Data in this exercise
▬▬▬

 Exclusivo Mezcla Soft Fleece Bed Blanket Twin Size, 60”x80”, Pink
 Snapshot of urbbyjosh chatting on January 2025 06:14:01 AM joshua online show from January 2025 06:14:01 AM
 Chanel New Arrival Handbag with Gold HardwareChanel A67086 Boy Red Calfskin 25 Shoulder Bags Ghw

▬▬▬

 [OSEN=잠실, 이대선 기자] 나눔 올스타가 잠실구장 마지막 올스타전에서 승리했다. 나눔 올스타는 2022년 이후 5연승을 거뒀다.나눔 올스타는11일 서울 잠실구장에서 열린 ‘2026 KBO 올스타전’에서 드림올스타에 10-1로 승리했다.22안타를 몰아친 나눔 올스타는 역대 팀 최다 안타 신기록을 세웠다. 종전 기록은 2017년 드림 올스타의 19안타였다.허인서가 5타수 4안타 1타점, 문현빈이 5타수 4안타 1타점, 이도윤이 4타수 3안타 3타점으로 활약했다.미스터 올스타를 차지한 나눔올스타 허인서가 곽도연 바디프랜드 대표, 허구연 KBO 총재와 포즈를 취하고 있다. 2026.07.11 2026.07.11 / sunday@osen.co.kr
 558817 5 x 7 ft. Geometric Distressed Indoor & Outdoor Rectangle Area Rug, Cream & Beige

▬▬▬

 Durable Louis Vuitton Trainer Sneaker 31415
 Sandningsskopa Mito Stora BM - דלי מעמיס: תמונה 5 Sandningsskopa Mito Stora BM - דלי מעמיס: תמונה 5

▬▬▬

Task prompt
Taking the material above, extract exactly and only the lines from the line with "Exclusivo Mezcla Soft" to the line with "Chanel New Arrival", inclusive of both.

Task answer
 Exclusivo Mezcla Soft Fleece Bed Blanket Twin Size, 60”x80”, Pink
 Snapshot of urbbyjosh chatting on January 2025 06:14:01 AM joshua online show from January 2025 06:14:01 AM
 Chanel New Arrival Handbag with Gold HardwareChanel A67086 Boy Red Calfskin 25 Shoulder Bags Ghw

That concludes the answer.